Blog Archive

Sunday, August 9, 2015

Mr. Holmes (2015): Investigating Himself


IMDB’s plot summary for the new Sherlock Holmes movie, Mr. Holmes, starring Ian McKellen, anonymously and concisely describes the story as follows: “An aged, retired Sherlock Holmes looks back on his life, and grapples with an unsolved case involving a beautiful woman.” That’s a good enough précis to begin with.  To the extent there is a mystery involved, we don’t want to say too much.

Thinking about this latest installment of the SH brand, I kept wondering what exactly is the never-ending allure of Sherlock Holmes? One is tempted to suggest that it’s the clever plotlines by A. Conan Doyle, except for the fact that many S.H. motion pictures deviate dramatically from the source or are not based on Doyle stories at all.  So it must be something about the character of SH himself - his amazing powers of observation, say? Or is it his prodigious knowledge of arcane facts?  Perhaps his eccentricities (drug use, violin playing, seeming celibacy) have something to do with it?

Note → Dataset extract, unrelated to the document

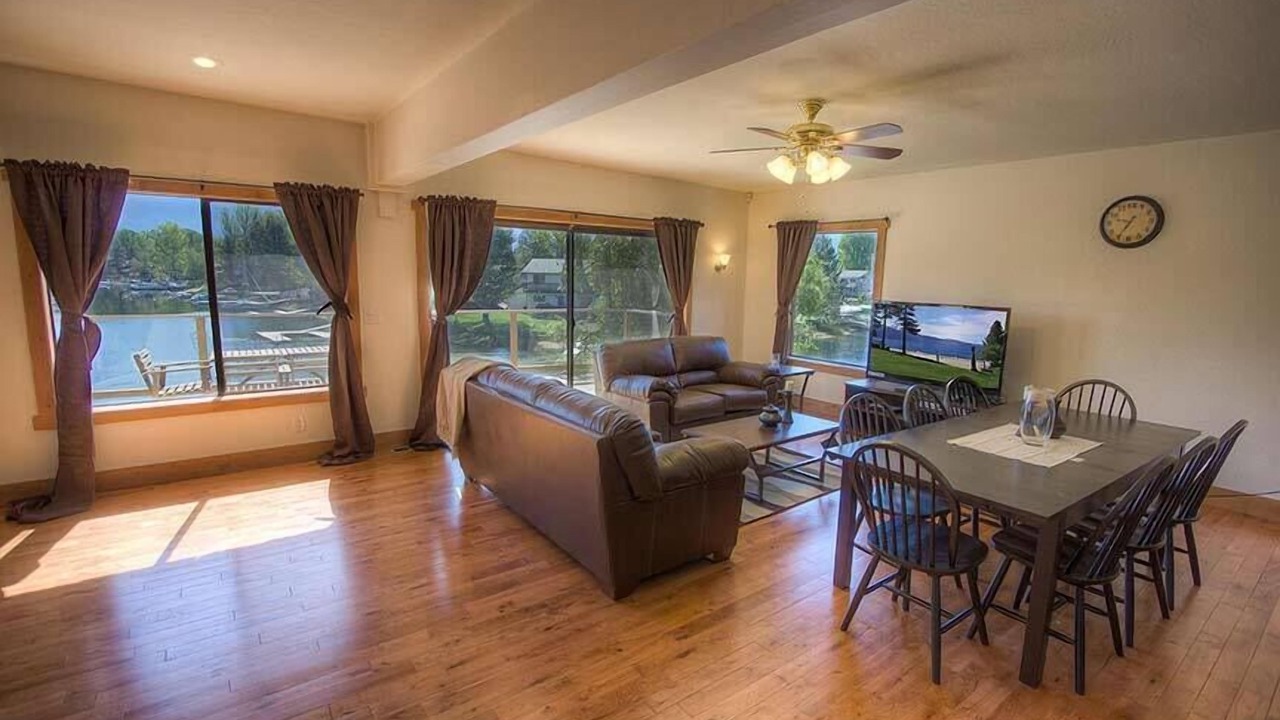 Photo of Livingroom in Tahoe Keys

By my count, there have been about seventy-five feature films featuring the Holmes character. The first one was short: a one-reeler in 1905. The first talkie came in 1929. Basil Rathbone famously played Holmes fourteen times, along with Nigel Bruce as faithful Dr. Watson, mostly in the 1940’s. All sorts of actors have taken on the Holmes mantle, including Christopher Lee, Roger Moore, Peter Cushing, Rupert Everett, and Robert Downey Jr. Well known actors taking on Watson have included John Mills, Patrick McNee, Robert Duvall and Jude Law. Even Lawrence Olivier got into a Sherlock Holmes movie, playing Professor Moriarty in The Seven Percent Solution (1976).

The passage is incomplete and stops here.